/cdn.vox-cdn.com/uploads/chorus_image/image/66868034/513656304.jpg.0.jpg)
This is the third lesson in the series Twinkie Town Analytics Fundamentals. For more information on this series, what I hope to achieve by doing it, and the topics that will be covered please take a look at the series Introduction. If you have topics you’d like to be explored in this series, please leave a comment and let me know!
Previously:
Part 1: The Flaws of Batting Average
Part 2: Busting the Myths of Pitcher Wins and ERA
The story of the 1987 Twins is one that is well known by readers of this site. Unexpected World Champions. A roster filled with players who would become franchise icons – Puckett, Viola, Blyleven, Hrbek, TK, and more. What many may not realize from this storied season is the team was led in Runs Batted In (RBI) for the second season in a row by third baseman and usual fifth place hitter Gary Gaetti, with 109 (he had 108 RBI in 1986). Gaetti finished seventh overall in the American League in RBIs, in addition to taking home a Gold Glove for his work at third and being named the Most Valuable Player of the American League Championship Series. Glancing quickly at those facts, we might generally conclude Gaetti had a very good 1987 season. After all, he was the team’s leading “run producer” and knocking in more than 100 runs is no small feat. We might even credit Gaetti for having a knack for driving in runs.

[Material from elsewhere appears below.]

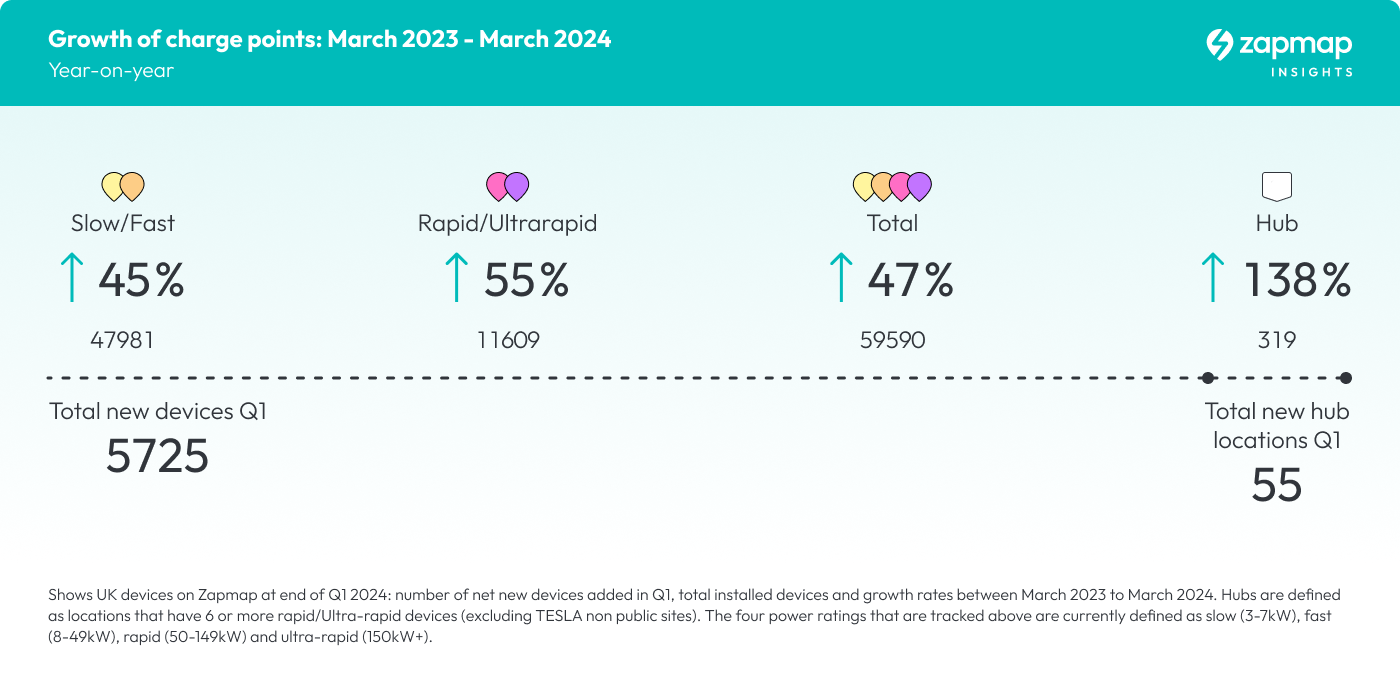 March 2023-2024 - Year-on-year growth of UK charge points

Throughout baseball history we’ve been led to believe 100 RBIs is a mark of a great season. But is that true? This question makes 1987 the perfect place from which to launch into our third analytics fundamentals lesson.
Runs Batted In – A Misleading Statistic
If you’re like many baseball fans, baseball cards were one of the primary ways that you became familiar with baseball statistics. On the back of each card were a player’s traditional statistics – primarily batting average, runs scored, home runs, runs batted in (RBI), and stolen bases, among a few others. Among the stats available, we most often condensed those statistics to just batting average, homeruns, and RBI – collectively the “triple crown statistics”. It was common to simply view a hitter’s value through the lens of only these three statistics. But there are some significant drawbacks to that approach. We’ve already tackled the issues that come with batting average in Part 1. Today, let’s dig deeper on RBIs.
By Major League Baseball’s definition an RBI is a stat “a batter is credited with in most cases where the result of his plate appearance is a run being scored.” They go on to explain there are a few exceptions, however. A player does not receive an RBI when the run scores as a result of an error or ground into a double play. The most common examples of RBIs are run-scoring hits. However, players also receive an RBI for a bases-loaded walk or hit by pitch. Players can earn RBIs when they make outs, as well, provided the out results in a run or runs.
Relative to other traditional stats like batting average and home runs, the RBI is a young statistic – first introduced by New York Press writer Ernie Lanigan and becoming an official statistic in 1920. Over the last one hundred years, the statistic has become mainstream and is widely used in valuing players, assessing performance, and determining awards. The use of RBIs as a measure of value is so prevalent that about 32.5% of all Most Valuable Player awards (first awarded in 1931), have been given to the player that led their league in RBIs. One of those was the Twins’ Harmon Killebrew, in 1969. A Twin has led the American League in RBIs five times – Killebrew in 1962, 1969, and 1971; Larry Hisle in 1977; and Kirby Puckett in 1994. Despite RBI being used as a marquee statistic, there were baseball thought leaders that expressed doubts. Perhaps the most notable early voice was legendary General Manager and serial baseball innovator Branch Rickey, who in a very well-known 1954 Life Magazine article titled Goodbye to Some Old Baseball Ideas, called runs batted in “a misleading figure” and wrote “as a statistic, RBIs were not only misleading but dishonest. They depended on managerial control, a hitter’s position in the batting order, park dimensions, and the success of his teammates in getting on base ahead of him.” Those are some strong points of dissent from one of baseball’s leading thinkers at the time. Are these reservations about RBIs merited?
:no_upscale()/cdn.vox-cdn.com/uploads/chorus_asset/file/20008362/515454040.jpg.jpg)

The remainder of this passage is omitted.